▶ _WHAT IS NEEDED_
Retype, exactly as they appear below, the lines between the line holding "Smart LED-Medizinschrankspiegel mit" and the line holding "19th Century Anglo-Indian", both ends included.

▶ _DATA SECTION_
----

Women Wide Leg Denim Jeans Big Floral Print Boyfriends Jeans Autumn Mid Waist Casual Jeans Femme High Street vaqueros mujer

----

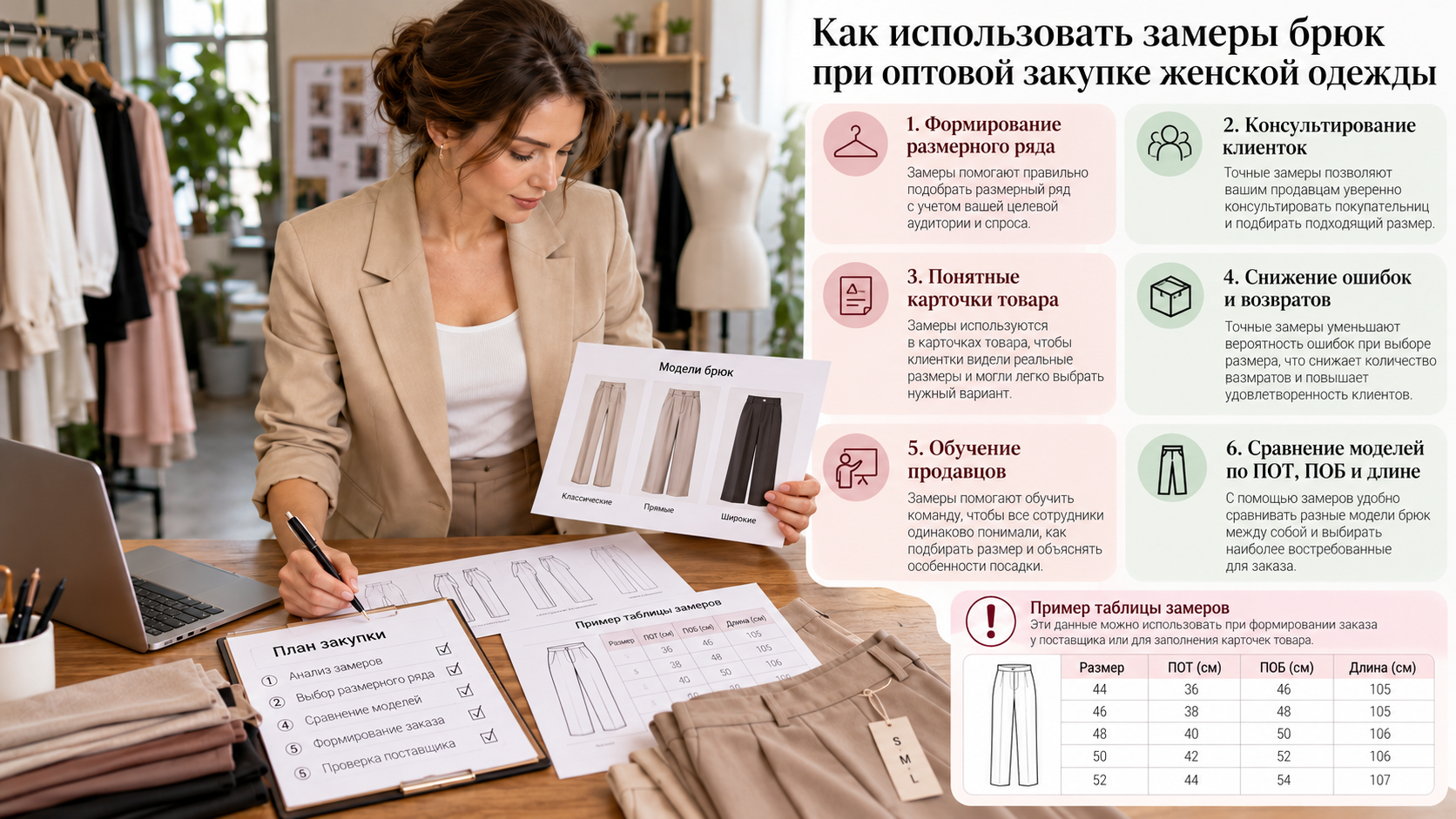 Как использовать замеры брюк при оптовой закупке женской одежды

----

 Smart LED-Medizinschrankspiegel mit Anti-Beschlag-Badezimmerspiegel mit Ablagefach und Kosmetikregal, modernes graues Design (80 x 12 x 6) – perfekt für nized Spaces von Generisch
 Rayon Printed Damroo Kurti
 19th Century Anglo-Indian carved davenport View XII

----

▶ _ANSWER TO THE PROBLEM_
 Smart LED-Medizinschrankspiegel mit Anti-Beschlag-Badezimmerspiegel mit Ablagefach und Kosmetikregal, modernes graues Design (80 x 12 x 6) – perfekt für nized Spaces von Generisch
 Rayon Printed Damroo Kurti
 19th Century Anglo-Indian carved davenport View XII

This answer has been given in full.